**Task goal**:
Give back the exact lines of the material below from the one containing "옥귀걸이 천연석 행운" through the one containing "Christian Dior Vintage", and no pictures.

**Study material**:
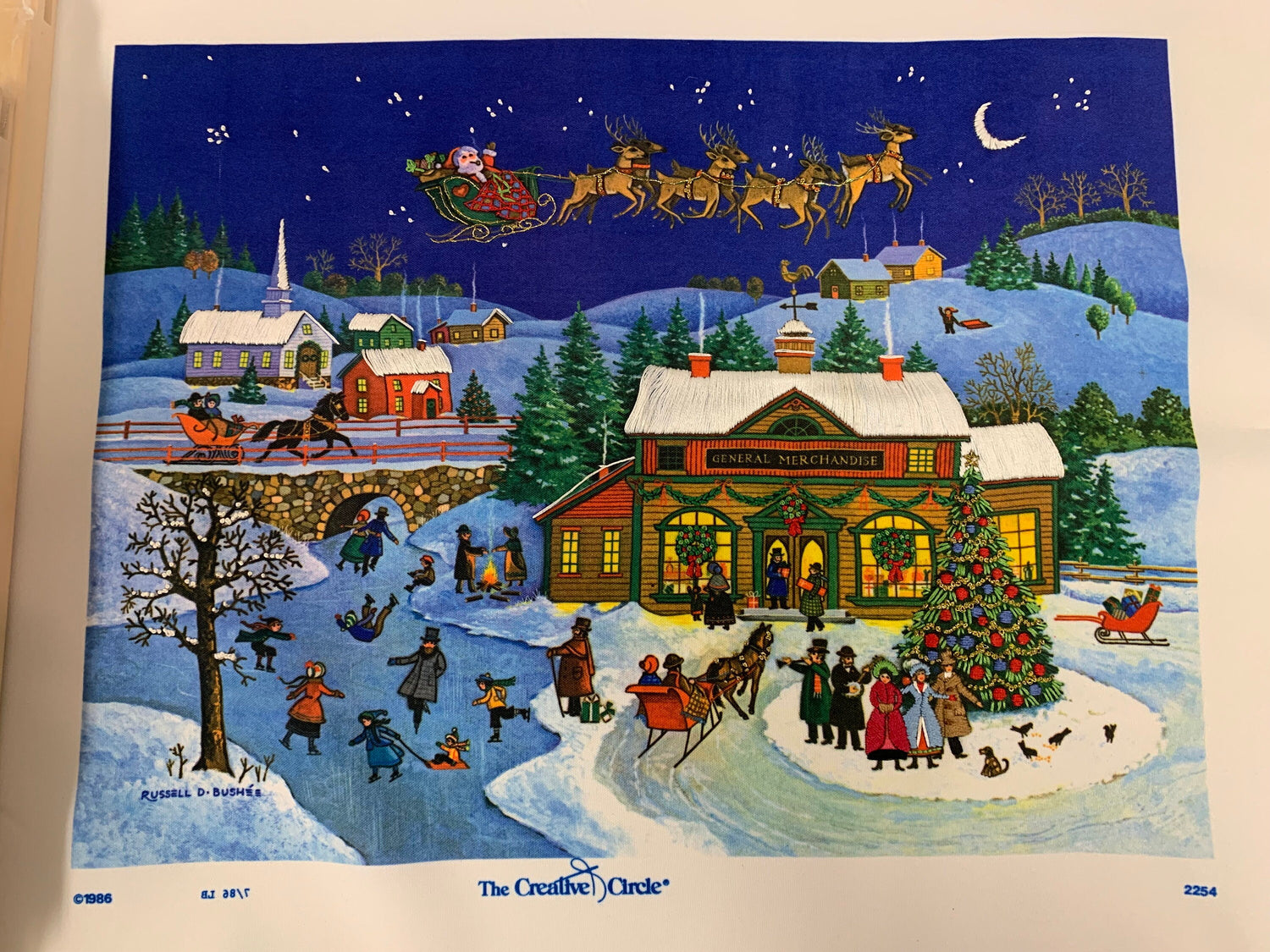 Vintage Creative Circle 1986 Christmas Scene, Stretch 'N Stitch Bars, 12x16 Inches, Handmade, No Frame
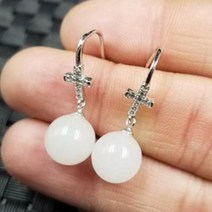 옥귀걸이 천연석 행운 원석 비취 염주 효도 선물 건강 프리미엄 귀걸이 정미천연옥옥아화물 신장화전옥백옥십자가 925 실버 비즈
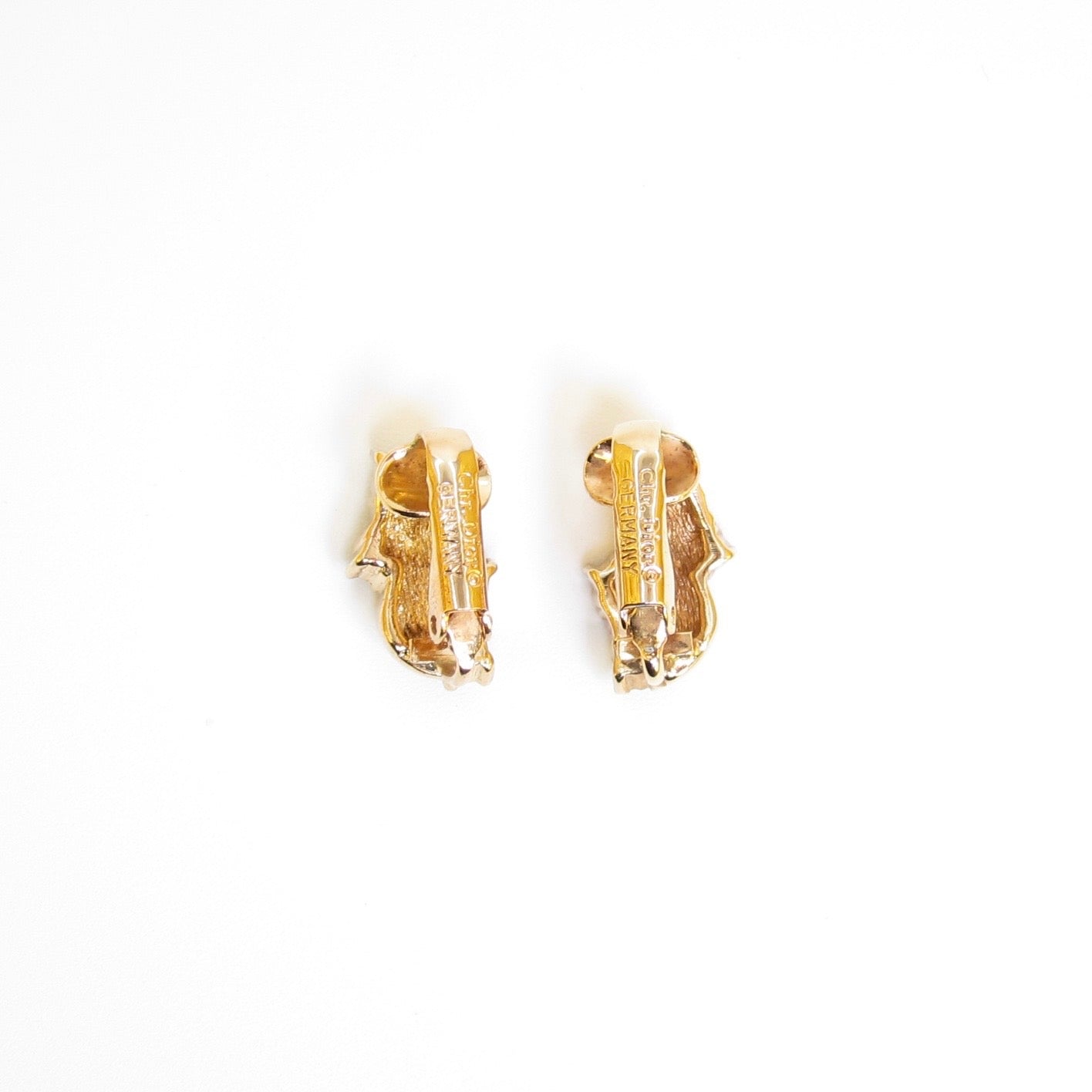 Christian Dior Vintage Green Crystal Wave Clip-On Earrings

--

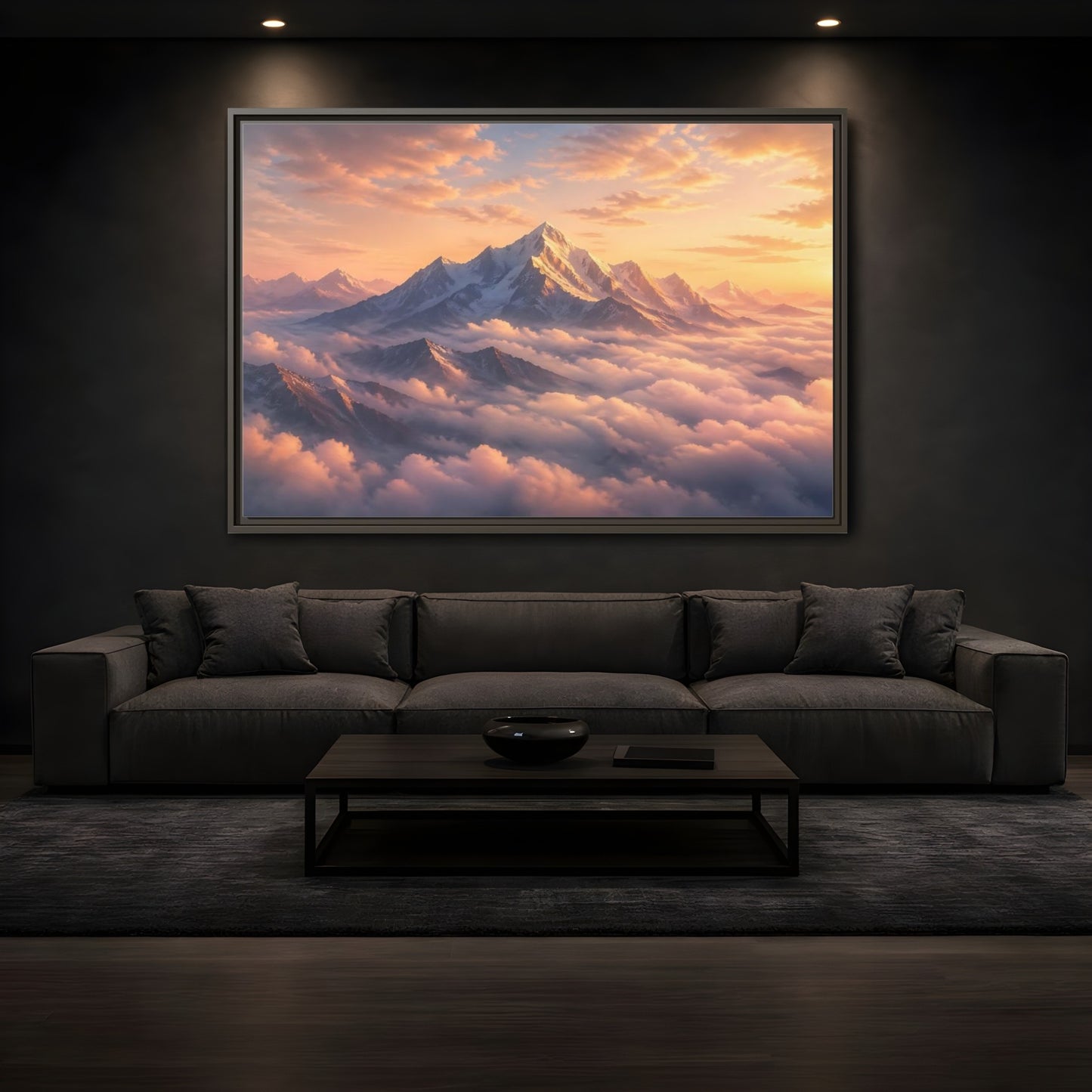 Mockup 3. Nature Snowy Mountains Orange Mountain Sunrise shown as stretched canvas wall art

...

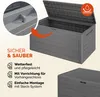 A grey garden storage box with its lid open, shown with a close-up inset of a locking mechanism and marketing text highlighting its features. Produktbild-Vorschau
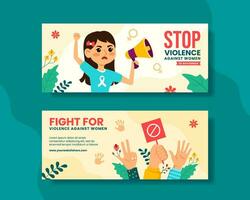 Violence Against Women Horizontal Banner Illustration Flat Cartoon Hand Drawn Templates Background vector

**Response area**:
 옥귀걸이 천연석 행운 원석 비취 염주 효도 선물 건강 프리미엄 귀걸이 정미천연옥옥아화물 신장화전옥백옥십자가 925 실버 비즈
 Christian Dior Vintage Green Crystal Wave Clip-On Earrings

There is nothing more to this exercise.